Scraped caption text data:
■ ■ ■ ■ ■
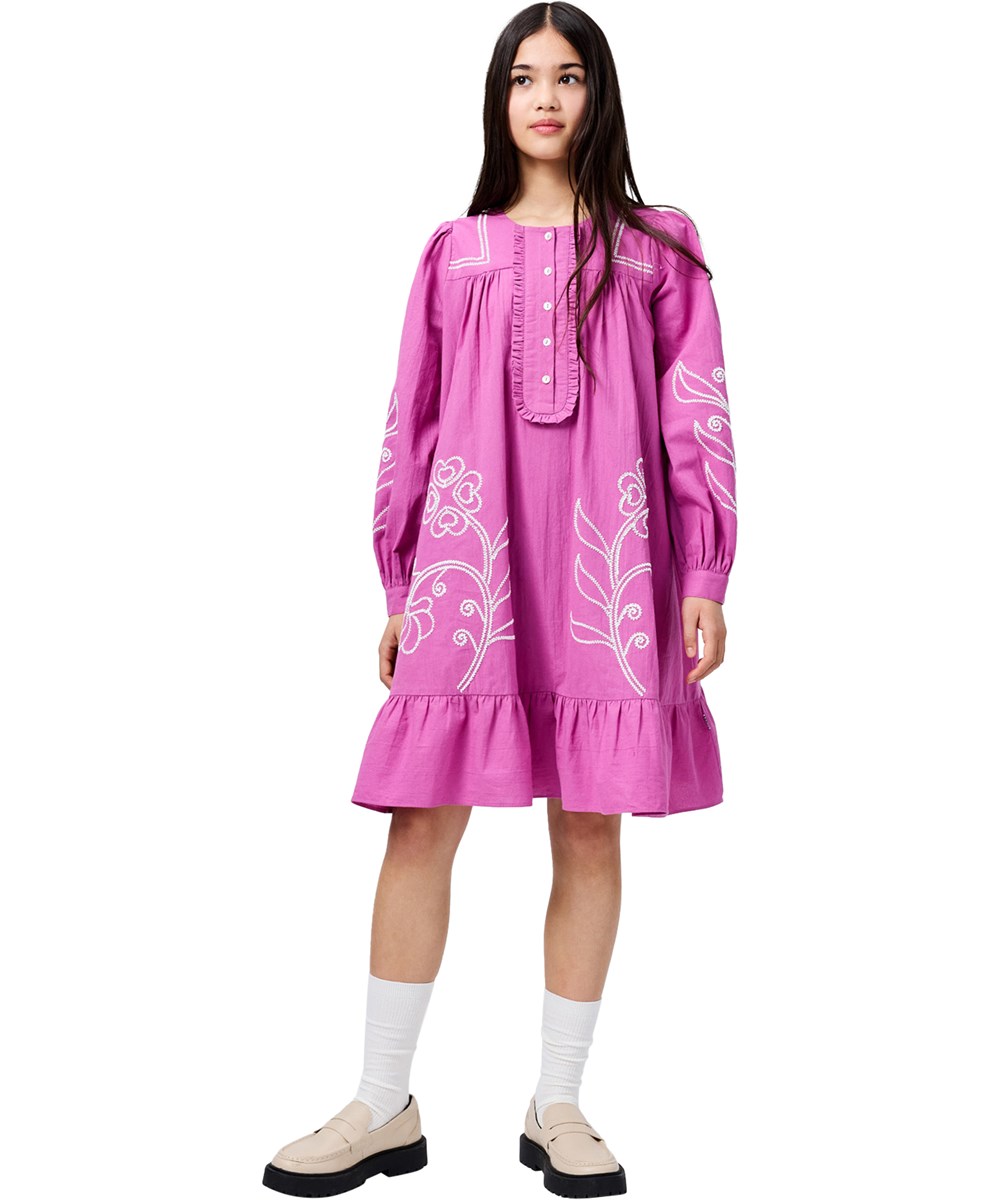 Crelo - Charisma - Purple dress for children made of organic cotton with an embroidery 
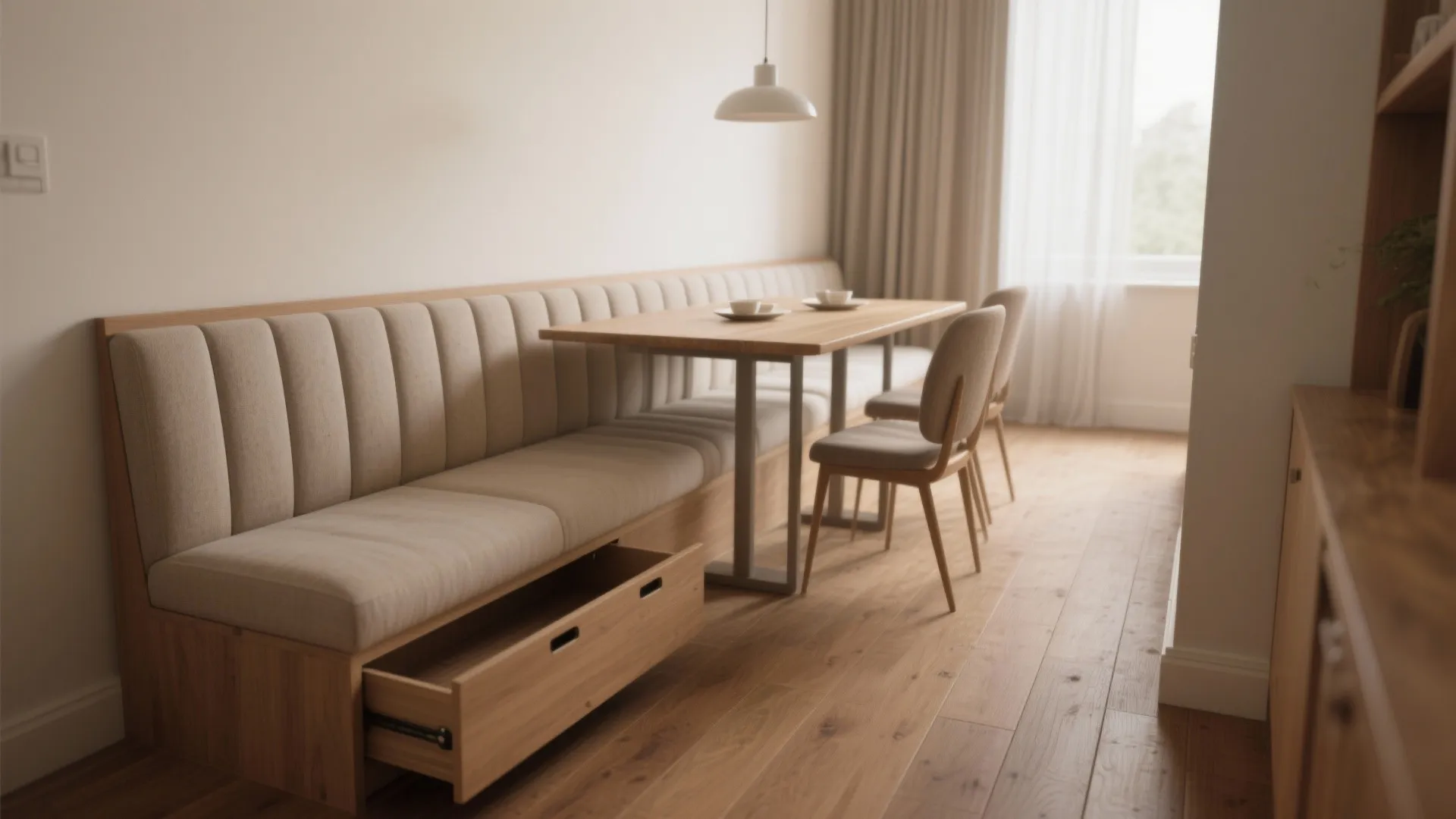 Slim banquette seating with a narrow table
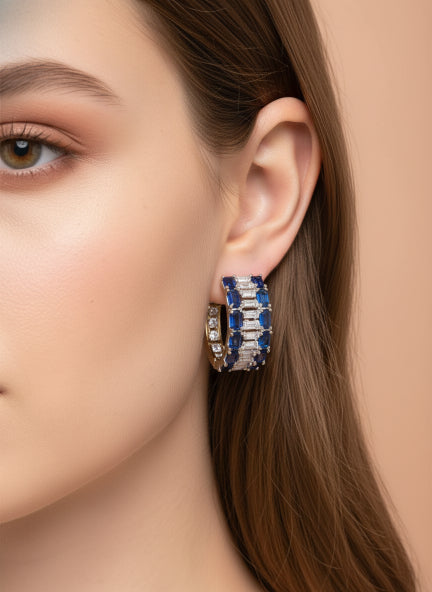 Elegant Blue & Silver Cubic Zirconia Crystal Hoop Earrings for Women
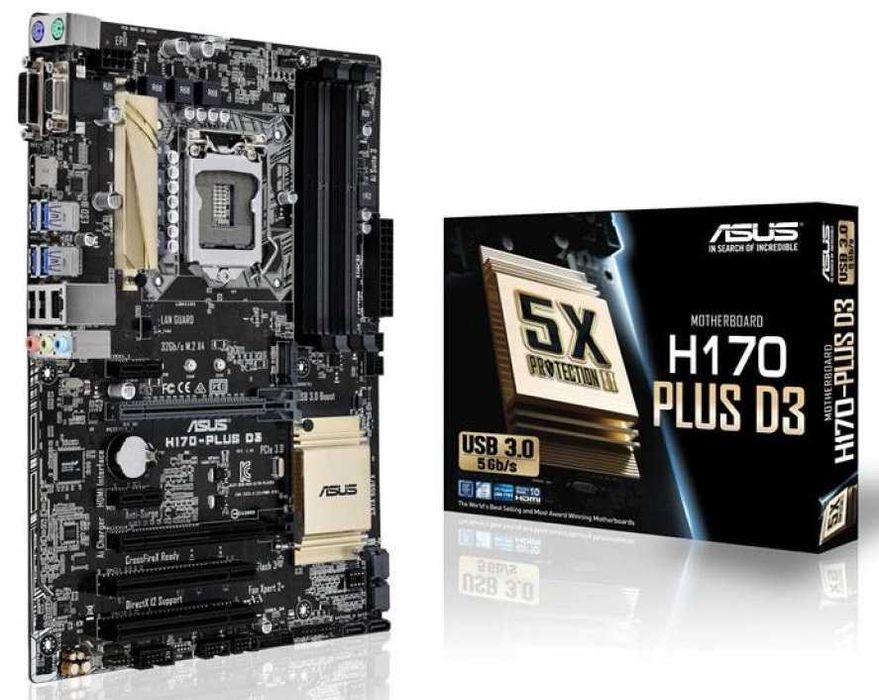 Дъно Дънна платка ASUS H170-PLUS D3 LGA 1151 DDR3 до 32GB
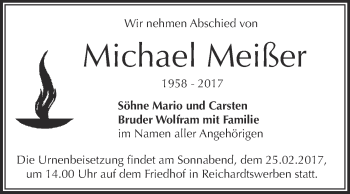 Traueranzeige von Michael Meißer von WVG - Wochenspiegel NMB / WSF / ZTZ
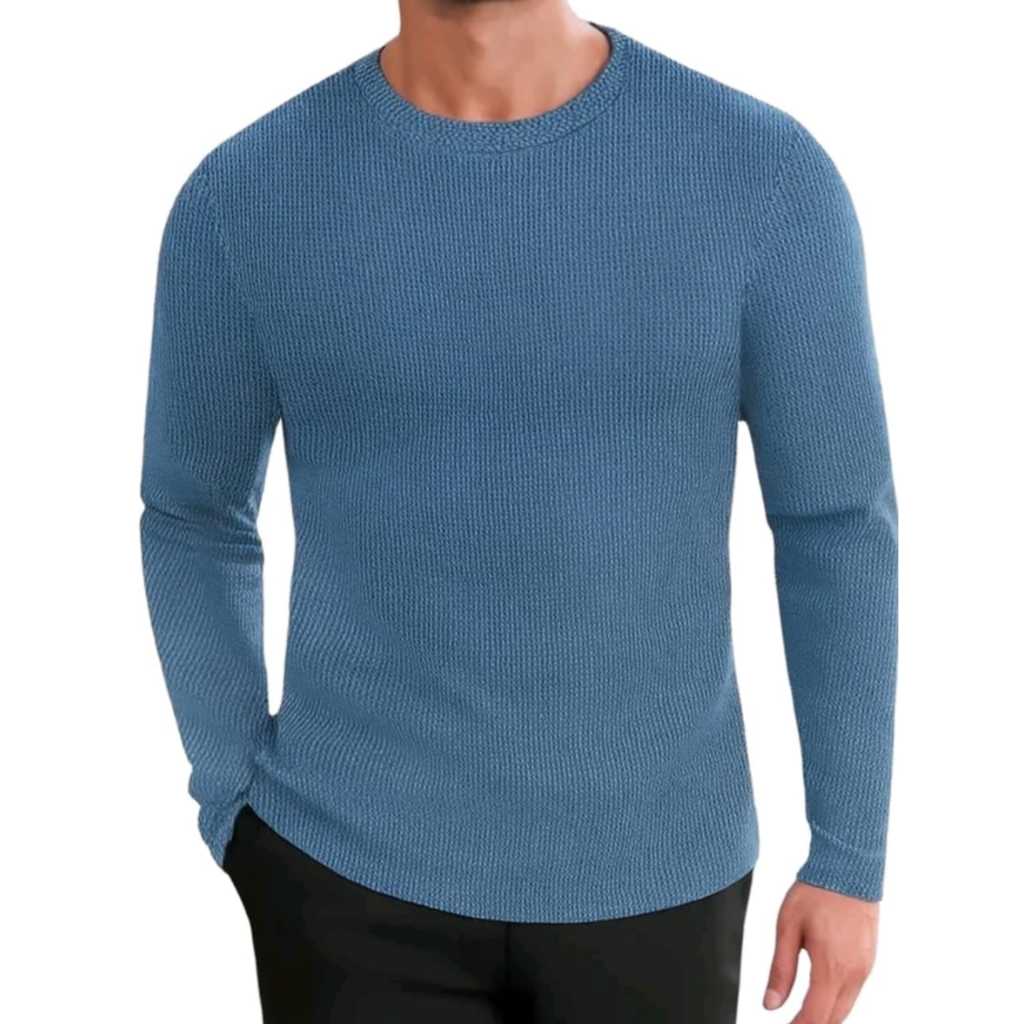 kaos wafel lengan panjang,kaos pria polos,kaos lengan panjang polos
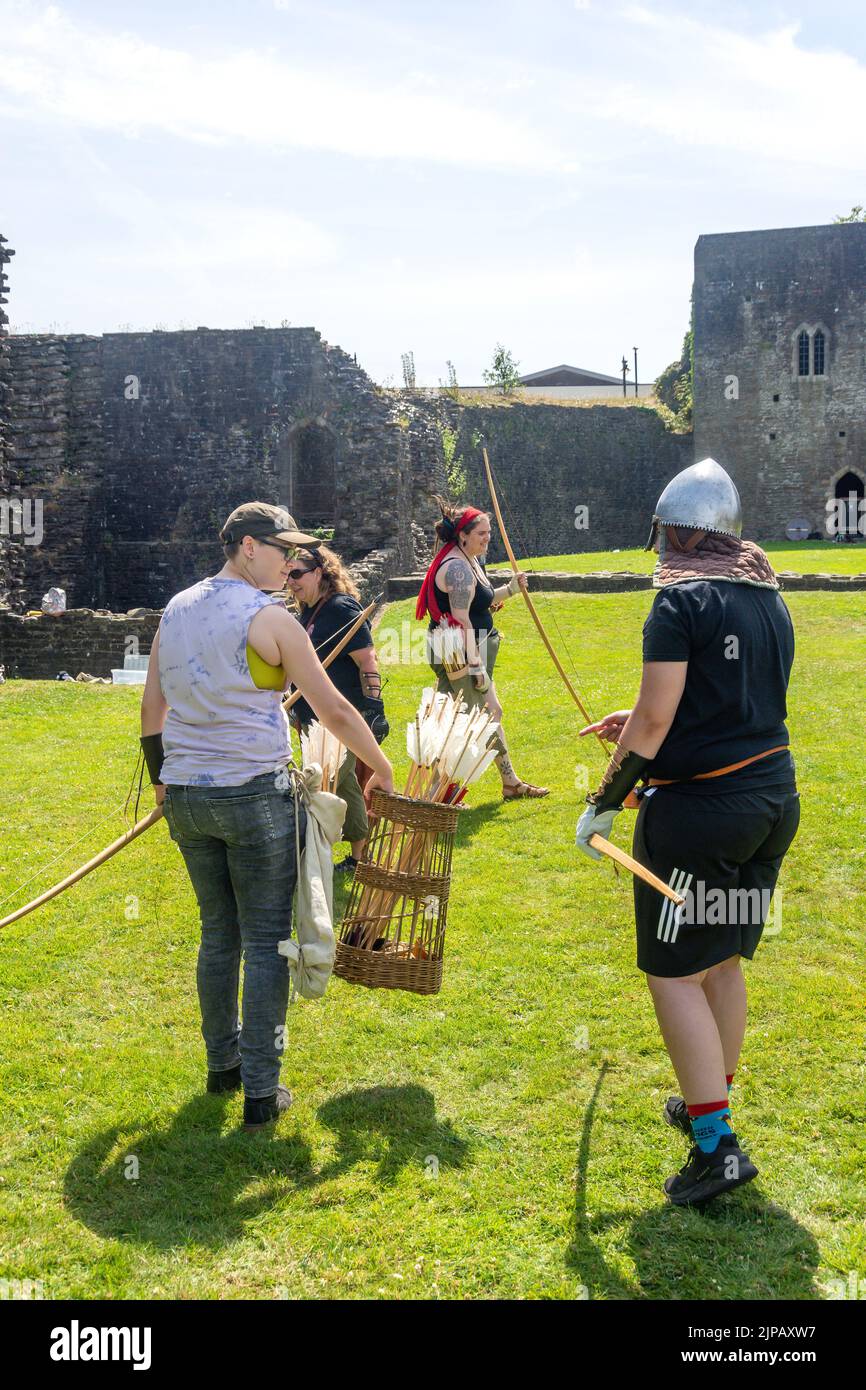 Archery display in Caerphilly Castle, Caerphilly (Caerffili), Caerphilly County Borough, Wales (Cymru), United Kingdom Stock Photo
■ ■ ■ ■ ■
About this exercise:
A verbatim copy of the records above, without pictures, is required.

Expected answer:
 Crelo - Charisma - Purple dress for children made of organic cotton with an embroidery 
 Slim banquette seating with a narrow table
 Elegant Blue & Silver Cubic Zirconia Crystal Hoop Earrings for Women
 Дъно Дънна платка ASUS H170-PLUS D3 LGA 1151 DDR3 до 32GB
 Traueranzeige von Michael Meißer von WVG - Wochenspiegel NMB / WSF / ZTZ
 kaos wafel lengan panjang,kaos pria polos,kaos lengan panjang polos
 Archery display in Caerphilly Castle, Caerphilly (Caerffili), Caerphilly County Borough, Wales (Cymru), United Kingdom Stock Photo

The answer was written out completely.